Sevilla likely to advance to final; Napoli face daunting test in Kiev
LONDON --
The Europa League is becoming a competition for specialists. Sevilla, 3-0 up from the first leg of its semifinal against Fiorentina, look set for a fourth final in 10 seasons when travel to Italy on Thursday night (live, FOX Sports 2, FOX Sports Go, 3:05 p.m. ET) -- and, having won the previous three could become the most successful team in the competition's history -- In the other semi, meanwhile, Rafa Benitez is again looking to the Europa League for salvation and could become the first coach to win the competition with three different teams.

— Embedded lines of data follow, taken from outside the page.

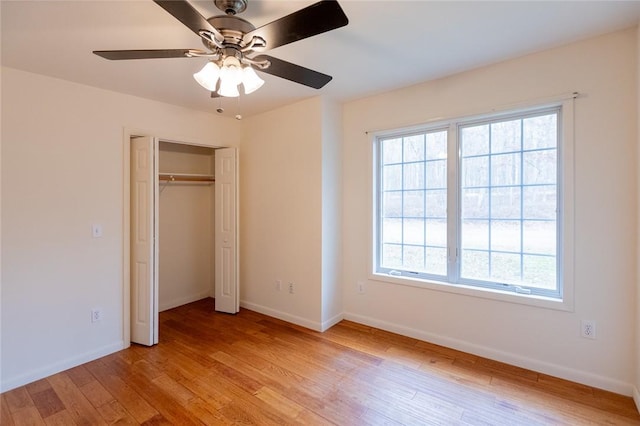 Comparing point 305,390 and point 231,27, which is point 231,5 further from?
point 305,390

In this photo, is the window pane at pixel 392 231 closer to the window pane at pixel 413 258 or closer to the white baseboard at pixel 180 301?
the window pane at pixel 413 258

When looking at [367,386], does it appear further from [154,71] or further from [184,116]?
[184,116]

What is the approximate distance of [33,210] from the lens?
246 centimetres

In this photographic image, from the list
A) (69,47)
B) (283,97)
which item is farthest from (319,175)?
(69,47)

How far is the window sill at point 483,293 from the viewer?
93.1 inches

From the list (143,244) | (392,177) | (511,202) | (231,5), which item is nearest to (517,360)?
(511,202)

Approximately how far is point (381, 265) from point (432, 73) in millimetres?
1976

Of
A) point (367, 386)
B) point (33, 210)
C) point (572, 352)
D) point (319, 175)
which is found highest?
point (319, 175)

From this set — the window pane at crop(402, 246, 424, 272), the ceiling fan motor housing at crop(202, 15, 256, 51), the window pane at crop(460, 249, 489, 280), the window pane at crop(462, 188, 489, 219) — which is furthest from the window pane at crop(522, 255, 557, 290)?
the ceiling fan motor housing at crop(202, 15, 256, 51)

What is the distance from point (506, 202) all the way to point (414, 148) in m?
1.01

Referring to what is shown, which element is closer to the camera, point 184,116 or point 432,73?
point 432,73

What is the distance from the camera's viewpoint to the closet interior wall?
403cm

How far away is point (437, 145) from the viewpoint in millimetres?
3027

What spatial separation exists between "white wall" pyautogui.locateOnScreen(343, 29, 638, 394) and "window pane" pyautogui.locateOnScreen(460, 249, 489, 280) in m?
0.22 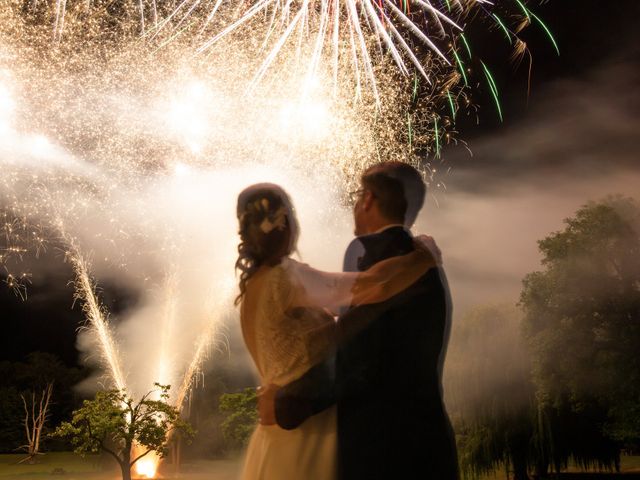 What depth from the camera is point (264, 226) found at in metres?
4.41

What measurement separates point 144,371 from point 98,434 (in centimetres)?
574

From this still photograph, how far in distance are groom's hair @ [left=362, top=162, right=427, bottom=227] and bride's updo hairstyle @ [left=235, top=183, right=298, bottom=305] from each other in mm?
526

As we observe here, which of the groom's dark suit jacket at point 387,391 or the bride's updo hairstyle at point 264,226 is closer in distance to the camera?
the groom's dark suit jacket at point 387,391

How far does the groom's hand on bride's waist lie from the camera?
14.6 feet

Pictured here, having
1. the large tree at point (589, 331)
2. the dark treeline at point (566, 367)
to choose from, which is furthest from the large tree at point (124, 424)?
the large tree at point (589, 331)

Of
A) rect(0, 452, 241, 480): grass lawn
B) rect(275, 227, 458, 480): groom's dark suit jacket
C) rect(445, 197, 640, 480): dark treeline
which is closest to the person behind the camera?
rect(275, 227, 458, 480): groom's dark suit jacket

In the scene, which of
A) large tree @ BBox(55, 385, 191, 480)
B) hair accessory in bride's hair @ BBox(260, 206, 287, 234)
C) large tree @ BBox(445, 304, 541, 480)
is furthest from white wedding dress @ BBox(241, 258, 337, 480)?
large tree @ BBox(55, 385, 191, 480)

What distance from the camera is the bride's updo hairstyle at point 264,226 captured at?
4.42m

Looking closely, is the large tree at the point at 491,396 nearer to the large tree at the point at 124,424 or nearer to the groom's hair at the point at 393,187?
the large tree at the point at 124,424

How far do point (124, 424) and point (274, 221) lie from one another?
41.3 m

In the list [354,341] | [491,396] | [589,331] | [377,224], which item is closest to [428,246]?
[377,224]

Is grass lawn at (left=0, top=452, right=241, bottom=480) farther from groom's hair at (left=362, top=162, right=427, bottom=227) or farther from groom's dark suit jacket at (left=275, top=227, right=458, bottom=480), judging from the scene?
groom's hair at (left=362, top=162, right=427, bottom=227)

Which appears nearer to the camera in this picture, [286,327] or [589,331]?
[286,327]

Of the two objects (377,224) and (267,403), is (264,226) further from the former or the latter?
(267,403)
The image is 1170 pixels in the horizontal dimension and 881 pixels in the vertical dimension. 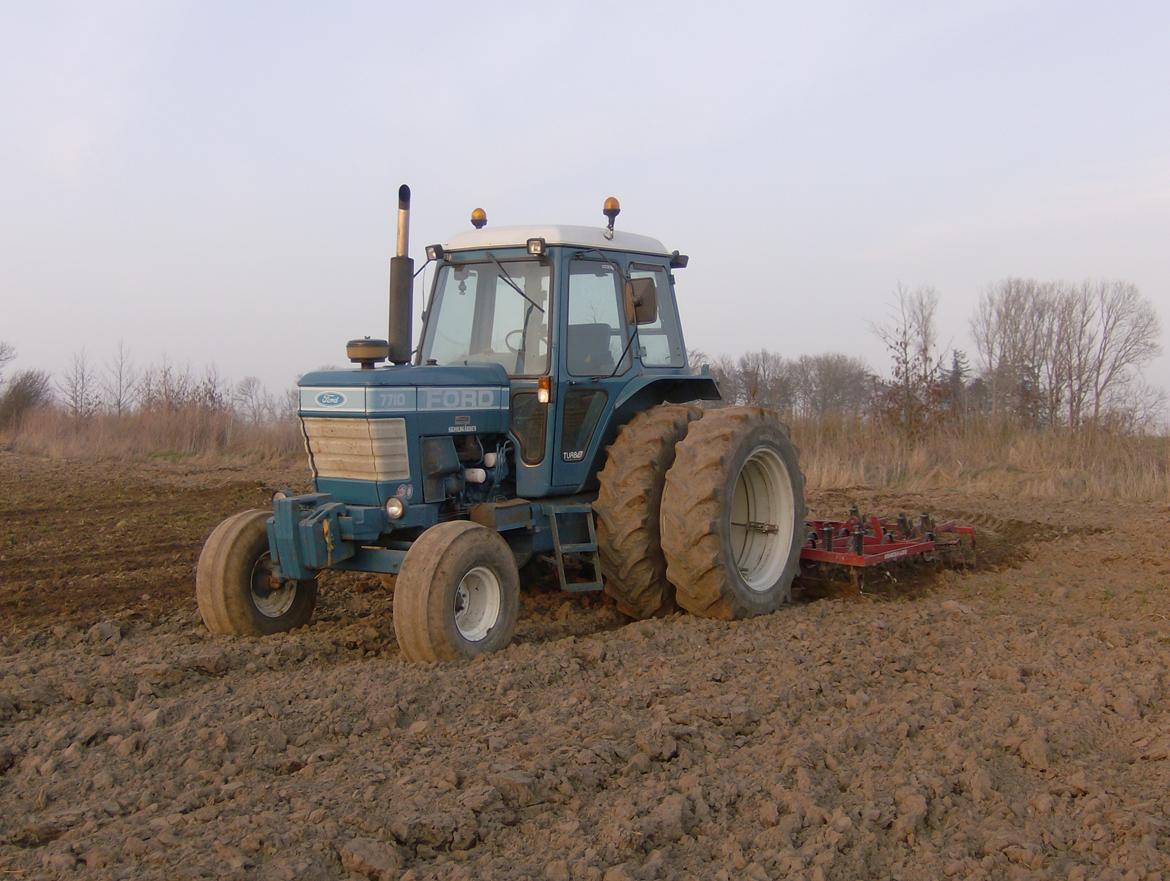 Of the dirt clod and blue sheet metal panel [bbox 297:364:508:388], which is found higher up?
blue sheet metal panel [bbox 297:364:508:388]

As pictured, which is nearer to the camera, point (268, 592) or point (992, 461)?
point (268, 592)

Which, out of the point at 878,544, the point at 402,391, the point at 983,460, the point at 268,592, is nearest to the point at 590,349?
the point at 402,391

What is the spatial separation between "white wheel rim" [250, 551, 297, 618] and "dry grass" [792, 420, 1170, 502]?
28.0 feet

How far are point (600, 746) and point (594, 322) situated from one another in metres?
3.23

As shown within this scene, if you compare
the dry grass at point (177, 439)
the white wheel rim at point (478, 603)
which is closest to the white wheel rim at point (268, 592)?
the white wheel rim at point (478, 603)

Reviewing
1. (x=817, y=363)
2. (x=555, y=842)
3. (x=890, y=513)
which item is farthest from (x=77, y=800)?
(x=817, y=363)

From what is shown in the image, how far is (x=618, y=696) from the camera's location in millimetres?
4605

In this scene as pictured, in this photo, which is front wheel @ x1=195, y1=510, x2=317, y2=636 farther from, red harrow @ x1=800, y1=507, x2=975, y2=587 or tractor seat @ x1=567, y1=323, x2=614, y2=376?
red harrow @ x1=800, y1=507, x2=975, y2=587

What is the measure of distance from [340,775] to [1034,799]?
240 cm

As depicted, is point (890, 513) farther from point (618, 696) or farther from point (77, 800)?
point (77, 800)

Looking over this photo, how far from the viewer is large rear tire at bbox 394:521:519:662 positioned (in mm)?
5074

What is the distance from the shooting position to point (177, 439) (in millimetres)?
20047

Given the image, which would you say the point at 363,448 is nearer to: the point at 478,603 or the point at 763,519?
the point at 478,603

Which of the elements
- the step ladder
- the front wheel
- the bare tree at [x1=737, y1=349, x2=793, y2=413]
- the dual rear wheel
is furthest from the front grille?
the bare tree at [x1=737, y1=349, x2=793, y2=413]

Benitez's Napoli, though, is in trouble. It drew the home leg of its semifinal against Dnipro Dnipropetrovsk 1-1 and faces a daunting test now in Kiev (live, Thursday, FOX Soccer Plus, FOX Sports Go, 3:05 p.m. ET). There have been reports that he is relocating his family from England to Italy, suggesting he will sign the new deal he's been offered by Napoli to stay at the club after his contract expires at the end of the season, but he continues to be linked both with replacing Sam Allardyce at West Ham and with an interim role at Manchester City to take over from Manuel Pellegrini until Josep Guardiola is potentially available in summer 2016.
Although the club president Aurelio de Laurentiis is apparently keen for Benitez to stay, elimination from the Europa League would make this feel like a season of, at best, treading water. A spurt of 13 points from the last six games should ensure it finishes fourth, but Lazio, in the third and final UEFA Champions League qualifying slot, is three points clear with three games remaining.
Saturday's 2-2 draw with doomed Parma didn't suggest a team in the best of form. A furious Benitez picked up a one-game touchline ban after proclaiming, "This is Italian football," at the final whistle, his unhappiness with the refereeing leading him to imply corruption. The center-forward Gonzalo Higuain was also sanctioned, fined €10,000 for calling the Parma players "failures."
While Napoli grouches along with a sense that it ought to be making the final, Dnipro seems gleefully surprised just to be playing in the semifinal -- it's best performance in European competition. "Nobody backed us, it's surprised everyone we've come this far," said the forward Yevhen Seleznyov, who scored Dnipro's goal (which looked offside) in the first leg. "All of us understand what we are playing for. This club is unique. We have great fans and the city of Dnipropetrovsk loves football. We've been playing together for a while now and we've always had great team spirit -- I think that is the main reason for our success."
Seleznyov was signed from Shakhtar Donetsk, with whom he won the Europa League in 2009, but 12 of the Dnipro squad came through its impressive academy, most notably the winger Yevhen Konoplyanka, who scored the decisive goal away to Ajax and looks likely to join either Tottenham Hotspur or Liverpool when his contract expires in the summer. This run is vindication for a policy the club put in place more than a decade ago, realizing it couldn't compete financially with Dynamo Kyiv or Shakhtar and so invested in its academy.
Dnipro has proved itself a tough, intelligent side, the Brazilian Douglas marshalling the defense in front of a top-class goalkeeper in Denys Boyko. It's scored only 12 goals since the start of the group stage -- that's fewer than a goal a game -- but it has won its last four home European ties without conceding a goal.
"It will be tough," said Benitez. "It will be difficult but we are confident that if we create chances we will score goals. We won 4-1 against Wolfsburg away so I think we can do the same."
His side, like Dnipro, is probably at its most effective playing on the break, but the problem on Thursday is likely to be that there is little incentive for Dnipro, with the away goal, to come out and attack. It can sit back and look to absorb pressure, as it has done throughout the knockout stage, and strike through Seleznyov and Konoplyanka on the break.
"We can go to Kiev and win," Benitez went on. "In the first half [of the first leg] we did not attack with depth but were much better in the second half and we can play a game like that, even away form home. Dnipro was organised and they did not give much but we wasted our chances."